Power steering gears equipped with the new Belleville washer and nut may be adjusted in the same manner described in paragraph 8-14, sub paragraph c of the 1954 Shop Manual until such time when a new worm bearing adjusting nut and wrench (to be used with a torque wrench) is released. The new wrench is included in the 1955 essential tool kit.

The Belleville Washer not only makes the initial preload adjustment easier but also maintains the preload over a longer period by compensating for wear. In addition, the washer will reduce the tendency of an out of square face of the adjusting nut to cock the valve spool when assembled and cause scoring and erratic valve spool operation.

To avoid increasing the length of the steering worm shaft when the washer is used, the old nut was replaced by the thin one. Stock of the old nut should be used up without the Belleville Washer otherwise the nut cannot be properly locked in place by staking. When stock of the old nut is used up, all service replacements of the adjusting nut should be made with Kit Gr. 6.531 Part No. 1392113 which consists of a Belleville Washer and a new nut.

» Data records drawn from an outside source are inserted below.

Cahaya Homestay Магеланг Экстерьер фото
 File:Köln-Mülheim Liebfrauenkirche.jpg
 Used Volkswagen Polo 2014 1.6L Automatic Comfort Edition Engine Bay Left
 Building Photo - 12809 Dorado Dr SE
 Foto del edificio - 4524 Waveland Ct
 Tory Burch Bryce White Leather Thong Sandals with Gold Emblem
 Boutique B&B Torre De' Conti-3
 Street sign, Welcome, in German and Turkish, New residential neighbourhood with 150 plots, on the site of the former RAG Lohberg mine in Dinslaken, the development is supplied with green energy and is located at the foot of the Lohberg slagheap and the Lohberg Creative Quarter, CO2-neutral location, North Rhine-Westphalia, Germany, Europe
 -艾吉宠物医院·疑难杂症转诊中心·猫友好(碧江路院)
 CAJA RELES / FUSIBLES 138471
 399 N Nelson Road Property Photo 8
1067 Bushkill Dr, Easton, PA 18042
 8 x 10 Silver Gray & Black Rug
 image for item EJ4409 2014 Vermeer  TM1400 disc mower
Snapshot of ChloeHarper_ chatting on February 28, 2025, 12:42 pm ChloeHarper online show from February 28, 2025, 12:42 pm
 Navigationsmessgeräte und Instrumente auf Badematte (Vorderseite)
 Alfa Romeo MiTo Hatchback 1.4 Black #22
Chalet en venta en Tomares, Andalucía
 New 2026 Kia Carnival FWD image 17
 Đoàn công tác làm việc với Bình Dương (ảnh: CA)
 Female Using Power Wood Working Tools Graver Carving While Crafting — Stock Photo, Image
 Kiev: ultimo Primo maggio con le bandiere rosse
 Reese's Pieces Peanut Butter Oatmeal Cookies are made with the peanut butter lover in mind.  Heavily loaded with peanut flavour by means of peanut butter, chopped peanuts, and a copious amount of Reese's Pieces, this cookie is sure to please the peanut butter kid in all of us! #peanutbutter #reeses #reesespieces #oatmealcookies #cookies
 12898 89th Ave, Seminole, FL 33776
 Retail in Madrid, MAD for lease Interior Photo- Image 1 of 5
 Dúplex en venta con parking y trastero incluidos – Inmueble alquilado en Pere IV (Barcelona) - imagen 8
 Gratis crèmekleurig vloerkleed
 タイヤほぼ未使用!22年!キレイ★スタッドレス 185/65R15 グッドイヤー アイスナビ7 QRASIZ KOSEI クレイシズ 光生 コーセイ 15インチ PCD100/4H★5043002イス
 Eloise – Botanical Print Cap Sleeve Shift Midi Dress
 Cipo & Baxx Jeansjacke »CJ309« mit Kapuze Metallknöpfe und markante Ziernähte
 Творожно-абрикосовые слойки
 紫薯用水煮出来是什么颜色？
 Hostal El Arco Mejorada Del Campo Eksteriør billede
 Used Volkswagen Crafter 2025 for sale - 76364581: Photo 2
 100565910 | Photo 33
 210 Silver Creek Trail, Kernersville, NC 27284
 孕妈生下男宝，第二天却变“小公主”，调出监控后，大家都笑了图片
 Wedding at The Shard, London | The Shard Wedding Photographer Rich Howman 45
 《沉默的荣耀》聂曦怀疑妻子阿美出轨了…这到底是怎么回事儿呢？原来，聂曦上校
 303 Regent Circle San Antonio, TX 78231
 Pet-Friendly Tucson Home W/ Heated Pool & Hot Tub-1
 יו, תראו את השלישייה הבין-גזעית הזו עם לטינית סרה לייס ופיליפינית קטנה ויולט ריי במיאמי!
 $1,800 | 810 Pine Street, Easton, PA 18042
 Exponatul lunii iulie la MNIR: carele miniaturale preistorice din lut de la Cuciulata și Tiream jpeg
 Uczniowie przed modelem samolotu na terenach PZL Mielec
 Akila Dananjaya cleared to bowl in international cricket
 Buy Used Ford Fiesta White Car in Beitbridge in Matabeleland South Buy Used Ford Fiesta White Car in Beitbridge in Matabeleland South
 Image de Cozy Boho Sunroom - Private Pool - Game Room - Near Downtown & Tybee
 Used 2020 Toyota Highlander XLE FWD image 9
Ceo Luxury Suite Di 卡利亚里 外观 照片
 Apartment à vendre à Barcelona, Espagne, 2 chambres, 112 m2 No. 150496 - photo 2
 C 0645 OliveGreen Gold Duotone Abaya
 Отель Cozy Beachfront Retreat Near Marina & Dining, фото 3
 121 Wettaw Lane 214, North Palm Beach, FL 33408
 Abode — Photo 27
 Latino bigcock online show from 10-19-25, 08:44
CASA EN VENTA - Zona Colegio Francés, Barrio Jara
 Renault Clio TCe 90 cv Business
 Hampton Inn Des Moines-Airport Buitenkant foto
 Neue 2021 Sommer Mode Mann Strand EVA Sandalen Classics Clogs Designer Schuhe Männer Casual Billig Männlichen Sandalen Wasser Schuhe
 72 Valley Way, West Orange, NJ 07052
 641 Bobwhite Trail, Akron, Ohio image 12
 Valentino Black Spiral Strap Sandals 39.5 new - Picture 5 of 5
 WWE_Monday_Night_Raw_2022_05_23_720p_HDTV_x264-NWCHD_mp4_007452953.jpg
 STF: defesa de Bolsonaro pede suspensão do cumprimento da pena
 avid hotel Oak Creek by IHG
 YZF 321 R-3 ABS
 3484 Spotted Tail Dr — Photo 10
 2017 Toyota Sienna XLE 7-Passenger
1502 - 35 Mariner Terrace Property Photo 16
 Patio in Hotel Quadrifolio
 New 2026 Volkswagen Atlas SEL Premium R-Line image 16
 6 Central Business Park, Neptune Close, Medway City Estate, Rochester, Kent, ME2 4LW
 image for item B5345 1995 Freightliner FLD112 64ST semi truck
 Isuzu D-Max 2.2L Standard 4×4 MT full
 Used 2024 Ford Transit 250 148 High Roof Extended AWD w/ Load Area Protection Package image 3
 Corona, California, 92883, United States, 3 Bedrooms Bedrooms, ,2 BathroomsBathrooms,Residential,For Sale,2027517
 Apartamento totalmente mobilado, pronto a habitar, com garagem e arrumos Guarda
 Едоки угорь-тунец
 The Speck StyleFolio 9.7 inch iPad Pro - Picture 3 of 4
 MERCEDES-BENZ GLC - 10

To make certain that the steering oil pump belt has sufficient tension so that it will not slip on the pump pulley during parking, resulting in a lumpy feeling in the steering from erratic power assist, the following procedure should be used:

With a new belt, the pump should be adjusted in the support bracket until the torque applied at the steering pump pulley nut is 40-45 pounds before the pully slips in the belt. With a used belt, the tension should be set so that the torque required to slip the pulley in the belt is only 30-35 pounds.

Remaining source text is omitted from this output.